Thursday, 29 October 2009

New group spies rise in cyber crime

as posted here


TONY EASTLEY: More evidence is emerging of sophisticated attacks by criminals and foreign governments on Australia's computer networks.

Government officials from the spy organisation ASIO as well as Federal Police and computer security experts have joined forces with the top secret Defence Signals Directorate since July to form what's called the Cyber Security Operations Centre.

It's discovered that attacks on company information, apparently conducted by organised crime, turn out to have national security implications.

National security correspondent Matt Brown reports.

MATT BROWN: The Cyber Security Operations Centre has brought experts safeguarding the business sector, police investigating cyber crime and their colleagues from the super secret realm of defence signals intelligence out of their bunkers.

They've all been working under the one roof for the past few months and the cyber security policy chief in the Attorney General's department Mike Rothery says they've already tracked attacks crossing those traditional boundaries.

MIKE ROTHERY: The information that comes in whether it comes in from say a law enforcement source, but where it's determined that the threat may be an espionage case and that information is then passed across to ASIO for them to take the lead.

MATT BROWN: And in those examples that you're talking about, what was the target?

MIKE ROTHERY: We are certainly seeing a targeting of information from the corporate sector that can be commercialised. There has been an acknowledgement from intelligence agencies that some of the operations being conducted by intelligence services from overseas are targeting commercial information from the private sector; information that could be of strategic importance to an economy.

MATT BROWN: The police, spies and anti-hackers need to work together because that's what their enemies have been doing for years.

MIKE ROTHERY: Even though you might suspect that it's an organised crime network that's seeking the information, it could be that they're putting it on the open market to the highest bidder and that could be another government that's actually ending up being the recipient for that information.

MATT BROWN: And it's not just the big end of town that's at risk. Jill Eckhaus, from the US based data industry group AFCOM says many of the world's data centres - privately run information warehouses - are surprisingly vulnerable.

JILL ECKHAUS: Every type of data that you can think of is stored in these centres from military information, government information, personal information, credit card information. It can be scary if attacked.

MATT BROWN: AFCOM has just published an international survey, including responses from 16 Australian centres which shows the industry is underprepared for a cyber terrorist attack. Only a third have factored cyber terrorism into their disaster recovery plans and only a fifth do training to prepare for such an attack.

JILL ECKHAUS: It doesn't matter how unlikely it is. If it happens it's exponential the damage that it can do to not just the corporation but your customers.

MATT BROWN: Mike Rothery from the Attorney General's department says a terrorist attack on a data centre is unlikely.
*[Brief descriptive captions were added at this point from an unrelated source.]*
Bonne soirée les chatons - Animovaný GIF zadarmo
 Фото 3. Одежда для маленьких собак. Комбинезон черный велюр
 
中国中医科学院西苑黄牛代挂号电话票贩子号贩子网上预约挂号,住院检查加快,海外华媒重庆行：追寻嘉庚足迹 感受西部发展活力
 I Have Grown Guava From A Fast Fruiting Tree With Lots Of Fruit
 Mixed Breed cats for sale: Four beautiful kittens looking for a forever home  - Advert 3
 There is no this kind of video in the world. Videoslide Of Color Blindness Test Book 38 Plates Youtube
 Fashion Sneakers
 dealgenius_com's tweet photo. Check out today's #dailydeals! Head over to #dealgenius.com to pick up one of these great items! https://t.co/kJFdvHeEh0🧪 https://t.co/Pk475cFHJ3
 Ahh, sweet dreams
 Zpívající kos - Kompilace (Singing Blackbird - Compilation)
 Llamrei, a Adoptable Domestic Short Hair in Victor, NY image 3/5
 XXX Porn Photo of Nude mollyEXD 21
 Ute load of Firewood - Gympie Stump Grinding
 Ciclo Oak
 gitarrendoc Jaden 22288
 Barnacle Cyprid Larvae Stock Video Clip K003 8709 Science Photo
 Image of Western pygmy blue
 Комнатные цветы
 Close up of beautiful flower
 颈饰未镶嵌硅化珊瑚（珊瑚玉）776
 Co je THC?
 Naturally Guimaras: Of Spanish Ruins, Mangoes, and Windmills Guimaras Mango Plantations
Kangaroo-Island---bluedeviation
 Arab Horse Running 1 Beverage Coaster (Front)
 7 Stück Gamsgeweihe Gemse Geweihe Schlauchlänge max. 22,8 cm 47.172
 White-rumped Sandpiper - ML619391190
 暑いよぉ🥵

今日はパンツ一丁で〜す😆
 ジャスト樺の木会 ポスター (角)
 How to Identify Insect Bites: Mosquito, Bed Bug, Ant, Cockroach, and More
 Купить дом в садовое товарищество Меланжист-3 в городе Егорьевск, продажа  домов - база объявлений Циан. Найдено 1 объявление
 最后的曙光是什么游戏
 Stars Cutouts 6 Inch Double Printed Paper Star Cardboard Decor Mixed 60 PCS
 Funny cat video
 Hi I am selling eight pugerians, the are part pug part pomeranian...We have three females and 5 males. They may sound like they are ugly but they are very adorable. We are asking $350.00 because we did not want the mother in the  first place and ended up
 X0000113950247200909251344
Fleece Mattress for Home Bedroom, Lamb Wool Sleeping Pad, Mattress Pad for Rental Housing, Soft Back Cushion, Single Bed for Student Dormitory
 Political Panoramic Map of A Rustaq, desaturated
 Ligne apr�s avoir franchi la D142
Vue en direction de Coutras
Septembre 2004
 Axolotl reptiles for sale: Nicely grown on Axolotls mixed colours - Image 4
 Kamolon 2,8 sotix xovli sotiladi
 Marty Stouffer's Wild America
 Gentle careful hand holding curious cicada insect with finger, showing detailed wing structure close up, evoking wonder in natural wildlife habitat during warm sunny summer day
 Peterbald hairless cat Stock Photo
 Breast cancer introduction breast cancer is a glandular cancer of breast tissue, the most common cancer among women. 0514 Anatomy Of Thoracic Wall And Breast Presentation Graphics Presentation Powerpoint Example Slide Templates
But his alternative focus is hardly more comforting. He's been concentrating on defending simple software that could trigger a nightmare scenario.

MIKE ROTHERY: It's the type of software that actually remotely turns on and off valves and opens gates in dams and controls the power grid and so forth.

MATT BROWN: A group of private sector employees has just returned from training with the US Department of Homeland Security to thwart attacks on these critical systems. They're the fourth to be sent in the past three years. The Government is confident they're learning fast. But like the hacking tools and the viruses they deliver, their efforts are a work in progress.

TONY EASTLEY: National security correspondent Matt Brown reporting.